_Your task_
Without including the pictures, copy each line below exactly as it reads.

_Data below_
*** Begin section ***
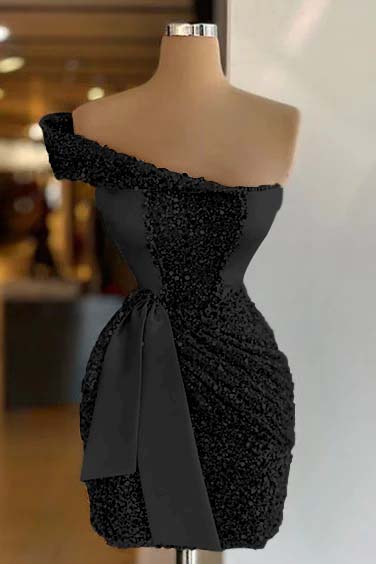 Sleeveless One Shoulder Short Sequins Homecoming Dress Pleated With Belt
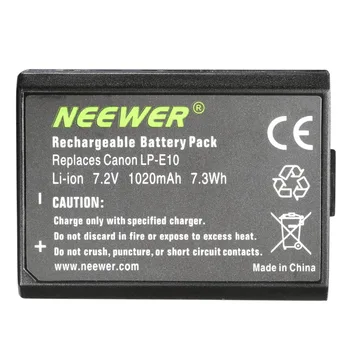 Neewer Vertikalus Baterijos Rankena ir 2-Pack 1020mAh LP-E10 Li-ion Bateriją Komplektas Canon EOS 1100D/1200D/1300D/Rebel T3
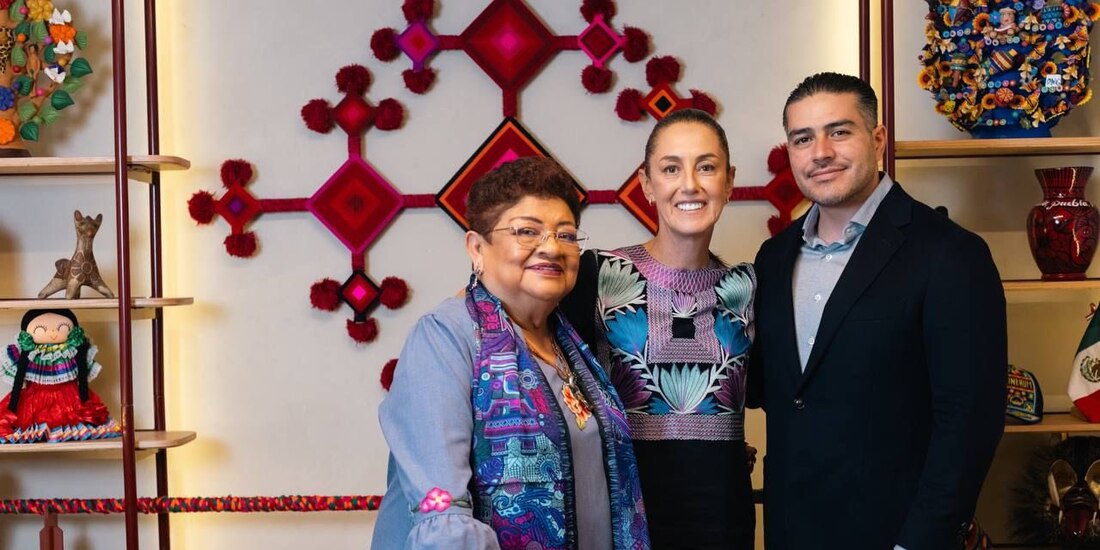 De izq. a der.: Ernestina Godoy, Claudia Sheinbaum y Omar García Harfuch, en fotografía de archivo.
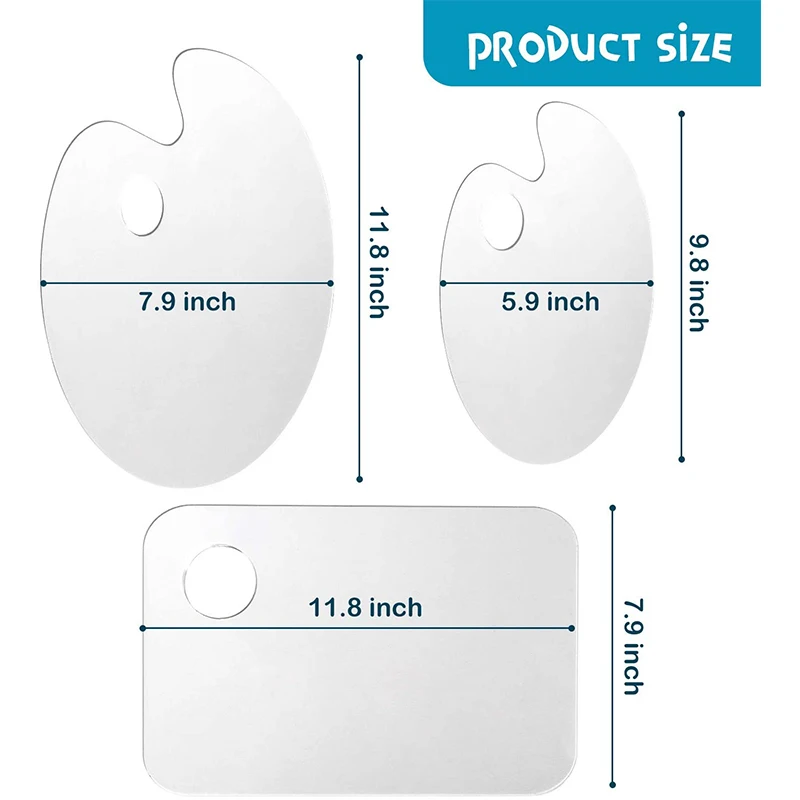3 шт. акриловая Палитра для рисования прозрачная палитра рукоделия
*** End section ***
_Written solution_
 Sleeveless One Shoulder Short Sequins Homecoming Dress Pleated With Belt
 Neewer Vertikalus Baterijos Rankena ir 2-Pack 1020mAh LP-E10 Li-ion Bateriją Komplektas Canon EOS 1100D/1200D/1300D/Rebel T3
 De izq. a der.: Ernestina Godoy, Claudia Sheinbaum y Omar García Harfuch, en fotografía de archivo.
3 шт. акриловая Палитра для рисования прозрачная палитра рукоделия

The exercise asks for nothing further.